By The Penny Plan Editorial Team Published July 13, 2026 5 min read

Open enrollment rolls around again, and once more the plan names are different, the premiums have shifted, and a provider you liked may or may not still be in network. It’s tempting to assume something about your own situation triggered the change, but more often than not, the shift has nothing to do with you personally.

At a glance

Employers typically renegotiate their benefits contracts with insurers on a regular cycle, often annually, and those negotiations can change premiums, plan tiers, deductibles, or provider networks independent of anything about an individual employee’s health or claims history. Insurance markets, employer costs, and insurer offerings all shift over time, which is usually the real driver behind a changing menu of options each year.

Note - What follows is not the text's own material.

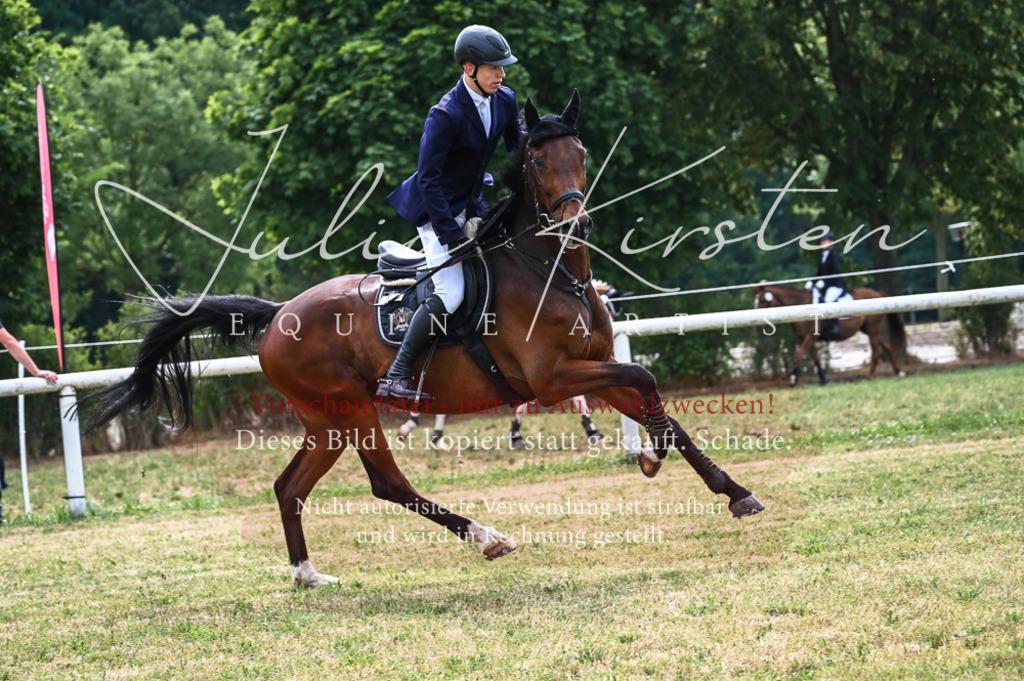 DSC_8394 | Pferde- und Turnierfotografie in Westsachsen. Pferdeportraits, Auftragszeichnungen und intuitive Kunst.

What’s actually happening behind the scenes

Why it can feel personal even when it isn’t

Because open enrollment happens on an individual level, filling out forms, comparing your own premium numbers, it’s easy to read a plan change as something specific to you. In reality, the underlying negotiation happens at the employer and insurer level, well above any single employee, and the resulting menu of choices applies to the entire eligible group. If a network change is part of what shifted this year, it’s worth understanding how to verify a provider is actually in-network before assuming last year’s providers still apply, since network changes are one of the more disruptive shifts that can happen quietly between enrollment periods.

When a plan change disrupts an existing prescription or provider

If a plan change means a regular medication or provider is no longer covered the way it used to be, that’s a distinct and fairly common situation, and it’s worth reading through what to do if a new plan doesn’t cover a regular medication for a sense of the general options available in that scenario.

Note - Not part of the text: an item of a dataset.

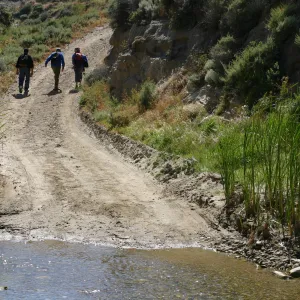 Santa Rosa Island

Comparing plans each year, even when it’s tedious

Because premiums, deductibles, and networks can all shift, it’s generally worth reviewing plan documents each open enrollment period rather than defaulting to whatever was chosen previously, since last year’s best option may not be this year’s. Concepts like understanding what counts toward an out-of-pocket maximum can help make an apples-to-apples comparison between plans that otherwise look similar on the surface.

The takeaway

Shifting benefits options at open enrollment usually reflect employer and insurer-level decisions rather than anything tied to an individual employee. Reviewing the details each year, rather than assuming continuity, is the most reliable way to catch changes to premiums, networks, or coverage before they become a surprise mid-year.